The Fund may be exposed to counterparty risk through participation in various programs, including, but not limited to, lending its securities to third parties, cash sweep arrangements whereby the Fund’s cash balance is invested in one or more types of cash management vehicles, as well as investments in, but not limited to, repurchase agreements, and derivatives, including various types of swaps, futures and options. The Fund intends to enter into financial transactions with counterparties that Janus Capital believes to be creditworthy at the time of the transaction. There is always the risk that Janus Capital’s analysis of a counterparty’s creditworthiness is incorrect or may change due to market conditions. To the extent that the Fund focuses its transactions with a limited number of counterparties, it will have greater exposure to the risks associated with one or more counterparties.

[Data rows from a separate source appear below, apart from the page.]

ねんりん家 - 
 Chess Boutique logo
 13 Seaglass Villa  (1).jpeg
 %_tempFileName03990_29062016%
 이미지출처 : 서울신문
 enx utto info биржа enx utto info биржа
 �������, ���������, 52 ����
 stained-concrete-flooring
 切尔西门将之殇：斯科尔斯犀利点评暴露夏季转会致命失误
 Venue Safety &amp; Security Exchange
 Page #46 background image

Mortgage and Asset-Backed Securities
The Fund purchases fixed or variable rate commercial or residential mortgage-backed securities issued by the Government National Mortgage Association (“Ginnie Mae”), the Federal National Mortgage Association (“Fannie Mae”), the Federal Home Loan Mortgage Corporation (“Freddie Mac”), or other governmental or government-related entities. Ginnie Mae’s guarantees are backed by the full faith and credit of the U.S. Government. Historically, Fannie Mae and Freddie Mac securities were not backed by the full faith and credit of the U.S. Government. In September 2008, the Federal Housing Finance Agency (“FHFA”), an agency of the U.S. Government, placed Fannie Mae and Freddie Mac under conservatorship. Since that time, Fannie Mae and Freddie Mac have received capital support through U.S. Treasury preferred stock purchases, and Treasury and Federal Reserve purchases of their mortgage-backed securities. The FHFA and the U.S. Treasury have imposed strict limits on the size of these entities’ mortgage portfolios. The FHFA has the power to cancel any contract entered into by Fannie Mae and Freddie Mac prior to FHFA’s appointment as conservator or receiver, including the guarantee obligations of Fannie Mae and Freddie Mac.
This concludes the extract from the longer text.